Using the records that follow, reproduce exactly the lines starting at the line containing "Given name Kiichi" and ending at the line containing "IBM ZMAXdp user". Include both end lines and no pictures.

_Supplied material:_
[Start of section]

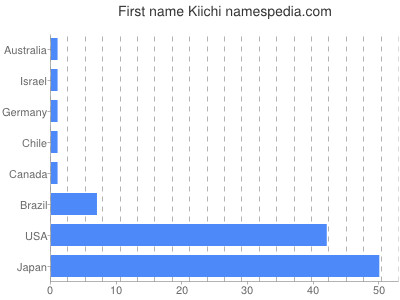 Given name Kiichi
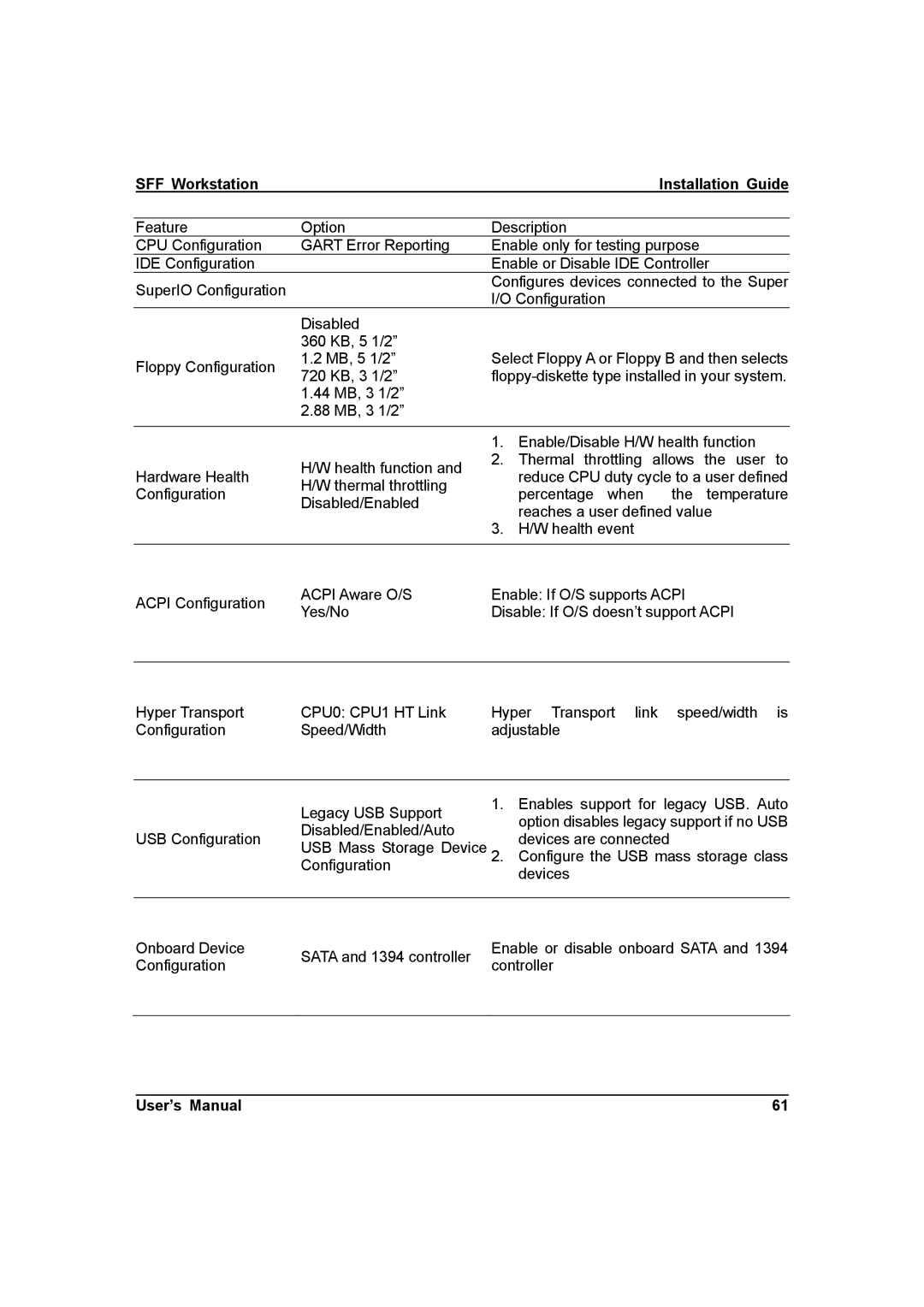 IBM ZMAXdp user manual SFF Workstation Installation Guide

[End of section]
[Start of section]

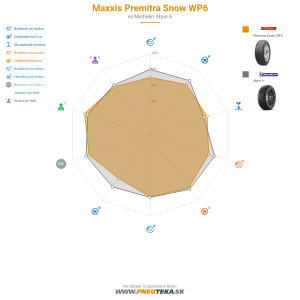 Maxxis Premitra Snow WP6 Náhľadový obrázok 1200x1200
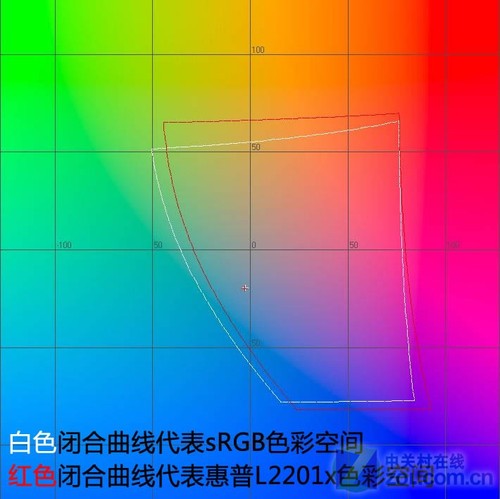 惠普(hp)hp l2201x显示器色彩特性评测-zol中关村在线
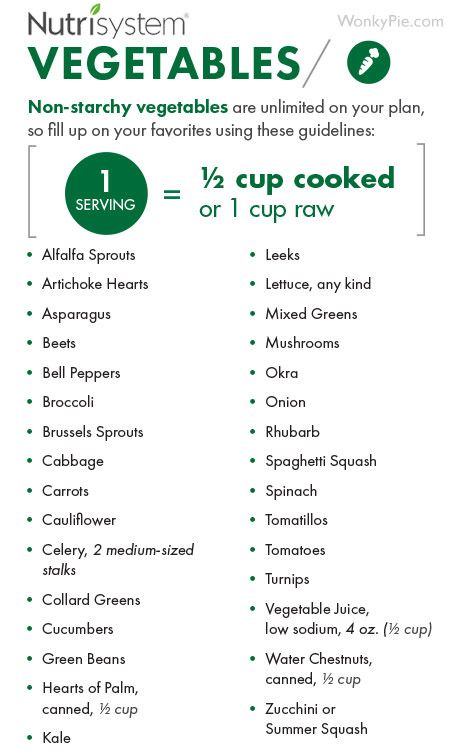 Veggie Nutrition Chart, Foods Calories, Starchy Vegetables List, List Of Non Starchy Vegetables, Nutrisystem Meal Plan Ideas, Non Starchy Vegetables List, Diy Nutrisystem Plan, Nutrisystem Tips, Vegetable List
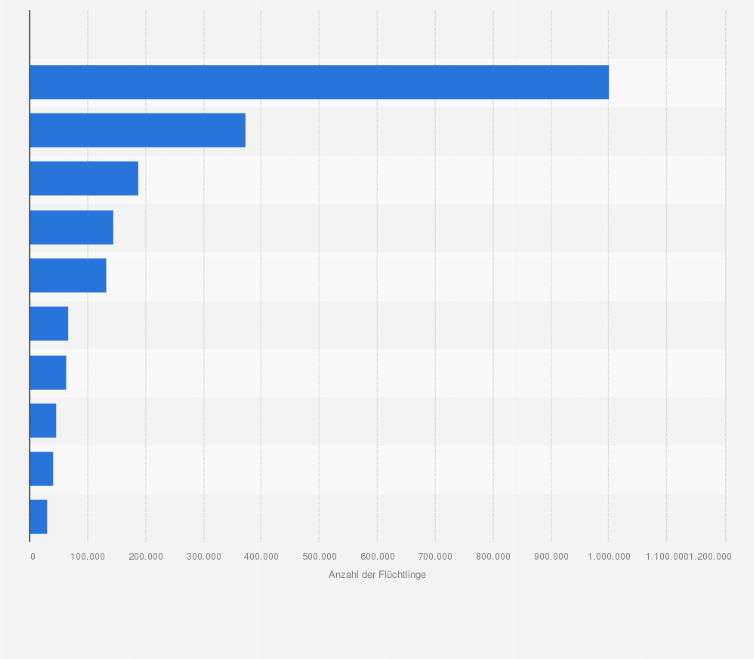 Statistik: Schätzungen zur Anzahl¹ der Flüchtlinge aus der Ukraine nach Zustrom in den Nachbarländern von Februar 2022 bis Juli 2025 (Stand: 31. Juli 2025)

[End of section]

_Your solution:_
 Given name Kiichi
 IBM ZMAXdp user manual SFF Workstation Installation Guide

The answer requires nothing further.